The Caloris Montes /k@'loʊrᵻs 'mQntiːz/ (Latin for "Heat's Mountains") are a range of mountains on Mercury. They are a system of linear hills and valleys that extend more than 1000 km to the northeast from the mountainous rim of Caloris Basin in the Shakespeare quadrangle (H-3). The range consists of numerous rectilinear massifs 1 to 3 km high and about 10 to 50 km long, mostly elongated radially from the center of the basin and separated by hackly-floored, radial troughs and gouge-like structures.

The surfaces of the massifs are hackly.

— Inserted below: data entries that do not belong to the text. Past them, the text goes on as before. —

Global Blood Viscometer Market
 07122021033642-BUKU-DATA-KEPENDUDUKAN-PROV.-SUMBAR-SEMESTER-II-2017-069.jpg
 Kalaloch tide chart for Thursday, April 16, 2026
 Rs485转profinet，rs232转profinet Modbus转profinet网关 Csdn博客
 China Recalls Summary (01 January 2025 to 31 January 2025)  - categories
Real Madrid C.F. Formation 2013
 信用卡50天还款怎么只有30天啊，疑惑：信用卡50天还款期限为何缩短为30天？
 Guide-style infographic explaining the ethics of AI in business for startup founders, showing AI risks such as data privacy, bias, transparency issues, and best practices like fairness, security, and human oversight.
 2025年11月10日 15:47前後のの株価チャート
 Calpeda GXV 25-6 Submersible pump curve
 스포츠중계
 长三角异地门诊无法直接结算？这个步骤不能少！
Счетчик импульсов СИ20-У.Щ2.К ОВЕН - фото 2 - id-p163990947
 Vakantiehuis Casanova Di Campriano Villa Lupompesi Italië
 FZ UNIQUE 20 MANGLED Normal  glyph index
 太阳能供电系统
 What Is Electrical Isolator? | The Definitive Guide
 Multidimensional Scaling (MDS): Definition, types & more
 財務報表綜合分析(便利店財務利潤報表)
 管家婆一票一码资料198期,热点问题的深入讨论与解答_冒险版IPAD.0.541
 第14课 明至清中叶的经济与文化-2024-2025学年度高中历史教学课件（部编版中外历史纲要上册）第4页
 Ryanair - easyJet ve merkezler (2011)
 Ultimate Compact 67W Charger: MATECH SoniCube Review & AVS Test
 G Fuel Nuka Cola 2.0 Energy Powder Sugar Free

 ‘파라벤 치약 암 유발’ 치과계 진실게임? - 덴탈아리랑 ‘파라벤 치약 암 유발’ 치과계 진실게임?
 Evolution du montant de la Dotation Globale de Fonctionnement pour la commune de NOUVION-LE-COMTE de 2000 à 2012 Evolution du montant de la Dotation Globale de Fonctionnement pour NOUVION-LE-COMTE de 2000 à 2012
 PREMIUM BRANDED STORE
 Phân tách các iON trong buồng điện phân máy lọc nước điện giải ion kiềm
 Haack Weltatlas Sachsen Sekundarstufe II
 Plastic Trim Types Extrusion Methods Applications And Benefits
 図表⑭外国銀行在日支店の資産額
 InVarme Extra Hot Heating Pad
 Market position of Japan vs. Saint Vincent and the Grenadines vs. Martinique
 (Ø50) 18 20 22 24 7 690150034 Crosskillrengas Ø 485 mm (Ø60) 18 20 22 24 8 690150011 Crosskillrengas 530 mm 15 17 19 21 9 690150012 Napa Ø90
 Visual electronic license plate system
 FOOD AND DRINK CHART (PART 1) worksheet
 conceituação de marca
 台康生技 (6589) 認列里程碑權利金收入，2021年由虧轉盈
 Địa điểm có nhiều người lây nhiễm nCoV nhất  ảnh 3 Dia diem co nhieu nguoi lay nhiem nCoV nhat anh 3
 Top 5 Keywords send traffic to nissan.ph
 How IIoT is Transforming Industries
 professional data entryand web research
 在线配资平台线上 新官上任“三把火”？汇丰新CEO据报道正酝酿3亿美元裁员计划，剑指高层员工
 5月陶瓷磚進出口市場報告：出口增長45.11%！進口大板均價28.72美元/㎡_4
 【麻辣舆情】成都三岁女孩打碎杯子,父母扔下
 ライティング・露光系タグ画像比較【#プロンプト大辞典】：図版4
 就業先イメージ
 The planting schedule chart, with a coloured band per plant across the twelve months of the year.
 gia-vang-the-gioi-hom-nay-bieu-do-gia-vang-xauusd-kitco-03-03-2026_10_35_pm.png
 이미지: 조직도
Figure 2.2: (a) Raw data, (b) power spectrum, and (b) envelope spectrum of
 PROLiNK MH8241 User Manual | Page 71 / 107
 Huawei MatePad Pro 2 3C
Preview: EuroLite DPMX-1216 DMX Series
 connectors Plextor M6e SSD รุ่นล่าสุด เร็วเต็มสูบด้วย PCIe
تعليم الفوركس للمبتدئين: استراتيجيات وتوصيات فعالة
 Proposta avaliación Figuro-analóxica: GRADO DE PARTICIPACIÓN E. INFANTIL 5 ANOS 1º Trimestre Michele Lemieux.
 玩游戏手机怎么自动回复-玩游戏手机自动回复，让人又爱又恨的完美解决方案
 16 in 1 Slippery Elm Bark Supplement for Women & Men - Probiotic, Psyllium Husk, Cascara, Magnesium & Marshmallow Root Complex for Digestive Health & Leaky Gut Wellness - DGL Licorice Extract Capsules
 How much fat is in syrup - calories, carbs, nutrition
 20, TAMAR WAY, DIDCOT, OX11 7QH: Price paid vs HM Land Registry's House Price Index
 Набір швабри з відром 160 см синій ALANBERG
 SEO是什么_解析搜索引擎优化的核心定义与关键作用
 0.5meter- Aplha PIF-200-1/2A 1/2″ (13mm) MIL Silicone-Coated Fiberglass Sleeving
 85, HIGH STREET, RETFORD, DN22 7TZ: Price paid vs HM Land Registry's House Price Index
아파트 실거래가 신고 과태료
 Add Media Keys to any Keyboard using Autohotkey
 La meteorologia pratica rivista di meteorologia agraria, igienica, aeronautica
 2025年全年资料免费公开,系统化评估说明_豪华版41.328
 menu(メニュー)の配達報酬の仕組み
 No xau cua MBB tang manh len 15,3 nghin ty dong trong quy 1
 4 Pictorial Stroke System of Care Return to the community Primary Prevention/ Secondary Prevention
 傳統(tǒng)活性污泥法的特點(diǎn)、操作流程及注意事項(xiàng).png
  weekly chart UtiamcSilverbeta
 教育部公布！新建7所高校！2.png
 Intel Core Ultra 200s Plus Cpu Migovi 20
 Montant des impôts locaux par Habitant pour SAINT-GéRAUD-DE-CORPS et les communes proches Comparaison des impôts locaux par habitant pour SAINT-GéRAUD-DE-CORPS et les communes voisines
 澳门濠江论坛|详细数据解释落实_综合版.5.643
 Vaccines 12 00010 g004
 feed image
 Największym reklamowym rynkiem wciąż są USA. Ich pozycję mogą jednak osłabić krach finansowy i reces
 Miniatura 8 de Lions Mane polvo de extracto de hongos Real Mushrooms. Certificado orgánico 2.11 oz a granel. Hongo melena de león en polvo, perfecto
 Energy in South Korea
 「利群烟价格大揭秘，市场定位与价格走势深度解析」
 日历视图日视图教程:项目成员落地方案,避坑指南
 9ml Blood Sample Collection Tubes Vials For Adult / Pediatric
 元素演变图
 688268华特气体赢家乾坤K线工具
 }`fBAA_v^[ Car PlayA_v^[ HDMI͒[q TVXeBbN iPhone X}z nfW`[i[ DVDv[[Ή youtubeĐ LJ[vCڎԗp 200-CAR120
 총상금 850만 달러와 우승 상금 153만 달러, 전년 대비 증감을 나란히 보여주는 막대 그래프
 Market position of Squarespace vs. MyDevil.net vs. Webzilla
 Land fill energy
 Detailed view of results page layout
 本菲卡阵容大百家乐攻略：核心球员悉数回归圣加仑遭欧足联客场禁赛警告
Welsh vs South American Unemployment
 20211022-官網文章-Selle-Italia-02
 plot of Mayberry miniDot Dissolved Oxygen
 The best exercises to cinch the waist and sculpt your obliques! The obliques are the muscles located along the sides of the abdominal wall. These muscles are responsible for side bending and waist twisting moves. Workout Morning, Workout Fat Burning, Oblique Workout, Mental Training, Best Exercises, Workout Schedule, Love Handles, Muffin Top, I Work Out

They are best developed along the inner edge of the basin where steep inward-facing scarps are common, grading outward into smaller massifs and blocks. The range marks the crest of most prominent ring structure around Caloris. The type area is the region near 18°, 184.5° (FDS 229). It is thought to be composed of uplifted prebasin bedrock covered by deep-seated late ejecta from Caloris. The inner boundary is approximately the outer limit of crater excavation.

The Caloris Montes are similar to the so-called Imbrium sculpture on the Moon. It is generally believed that this type of lineated surface feature resulted from excavations by secondary projectiles when the large basins were formed and, possibly, fracturing and faulting of the planet's crust during the basin formation. The Caloris Montes are only the innermost formation of the Caloris Group of formations produced by the Caloris Basin impact.

A gap is present in the Caloris Montes toward the southeast; its origin is unknown, but it is somewhat similar to the gap on the east side of the Imbrium Basin, where the mountain ring cuts the edge of the Serenitatis Basin. On Mercury, however, there is no evidence for the presence of a preexisting basin east of Caloris.